# [Task to carry out]
Whichever lines of the entries hold the word "Free" should be identified and copied.

⟨

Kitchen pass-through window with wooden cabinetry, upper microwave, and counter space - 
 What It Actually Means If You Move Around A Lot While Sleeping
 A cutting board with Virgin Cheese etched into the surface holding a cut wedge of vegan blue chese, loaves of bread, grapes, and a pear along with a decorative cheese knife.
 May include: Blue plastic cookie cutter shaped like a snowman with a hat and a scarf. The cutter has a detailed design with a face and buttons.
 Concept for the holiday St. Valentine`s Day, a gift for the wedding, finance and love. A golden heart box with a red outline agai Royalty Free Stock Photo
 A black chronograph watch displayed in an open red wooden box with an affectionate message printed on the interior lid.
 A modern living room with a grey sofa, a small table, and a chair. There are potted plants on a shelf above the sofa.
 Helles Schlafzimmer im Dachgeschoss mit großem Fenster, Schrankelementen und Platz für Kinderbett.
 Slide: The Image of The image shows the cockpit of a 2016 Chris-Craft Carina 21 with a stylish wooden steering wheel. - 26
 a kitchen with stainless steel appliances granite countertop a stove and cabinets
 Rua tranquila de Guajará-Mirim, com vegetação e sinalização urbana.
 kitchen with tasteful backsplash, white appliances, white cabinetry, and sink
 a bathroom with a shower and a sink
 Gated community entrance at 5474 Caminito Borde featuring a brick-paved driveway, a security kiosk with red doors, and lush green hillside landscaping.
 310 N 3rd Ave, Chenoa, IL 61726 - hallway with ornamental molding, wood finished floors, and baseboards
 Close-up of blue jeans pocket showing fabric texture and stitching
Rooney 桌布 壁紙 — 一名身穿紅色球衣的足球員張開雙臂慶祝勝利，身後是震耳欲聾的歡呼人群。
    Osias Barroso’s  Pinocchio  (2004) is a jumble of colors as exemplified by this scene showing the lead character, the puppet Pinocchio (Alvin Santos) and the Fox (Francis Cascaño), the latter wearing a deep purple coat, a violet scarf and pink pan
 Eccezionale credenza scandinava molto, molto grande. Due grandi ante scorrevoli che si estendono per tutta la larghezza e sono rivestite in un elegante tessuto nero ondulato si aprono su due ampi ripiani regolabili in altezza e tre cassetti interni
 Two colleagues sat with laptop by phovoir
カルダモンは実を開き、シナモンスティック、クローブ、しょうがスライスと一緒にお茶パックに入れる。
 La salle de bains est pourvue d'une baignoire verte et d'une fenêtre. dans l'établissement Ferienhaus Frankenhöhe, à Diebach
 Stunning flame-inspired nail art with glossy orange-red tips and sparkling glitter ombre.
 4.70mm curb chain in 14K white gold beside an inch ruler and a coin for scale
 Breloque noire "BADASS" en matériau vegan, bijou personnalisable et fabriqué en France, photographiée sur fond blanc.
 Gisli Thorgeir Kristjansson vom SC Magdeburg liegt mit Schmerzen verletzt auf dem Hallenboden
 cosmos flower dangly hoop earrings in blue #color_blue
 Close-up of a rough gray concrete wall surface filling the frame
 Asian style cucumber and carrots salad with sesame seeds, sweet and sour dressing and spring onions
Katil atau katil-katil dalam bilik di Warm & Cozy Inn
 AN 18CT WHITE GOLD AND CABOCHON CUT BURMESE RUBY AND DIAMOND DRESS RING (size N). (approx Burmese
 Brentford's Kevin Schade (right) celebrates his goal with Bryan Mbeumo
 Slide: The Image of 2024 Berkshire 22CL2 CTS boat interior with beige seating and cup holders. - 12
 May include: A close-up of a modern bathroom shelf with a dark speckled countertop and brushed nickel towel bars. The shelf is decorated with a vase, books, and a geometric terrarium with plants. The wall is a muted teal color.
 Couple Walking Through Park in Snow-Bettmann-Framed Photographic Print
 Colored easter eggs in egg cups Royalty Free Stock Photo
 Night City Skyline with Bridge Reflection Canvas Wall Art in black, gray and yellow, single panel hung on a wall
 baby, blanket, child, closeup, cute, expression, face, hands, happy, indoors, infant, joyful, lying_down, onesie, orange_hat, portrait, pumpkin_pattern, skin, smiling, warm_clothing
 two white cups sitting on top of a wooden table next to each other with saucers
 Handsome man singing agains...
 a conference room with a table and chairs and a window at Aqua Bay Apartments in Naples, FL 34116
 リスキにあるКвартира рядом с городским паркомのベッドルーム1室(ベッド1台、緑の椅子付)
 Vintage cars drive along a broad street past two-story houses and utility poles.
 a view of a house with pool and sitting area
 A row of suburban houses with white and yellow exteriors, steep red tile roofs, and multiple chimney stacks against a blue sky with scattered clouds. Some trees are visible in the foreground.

⟩

# [Answer to the exercise]
 Concept for the holiday St. Valentine`s Day, a gift for the wedding, finance and love. A golden heart box with a red outline agai Royalty Free Stock Photo
 Colored easter eggs in egg cups Royalty Free Stock Photo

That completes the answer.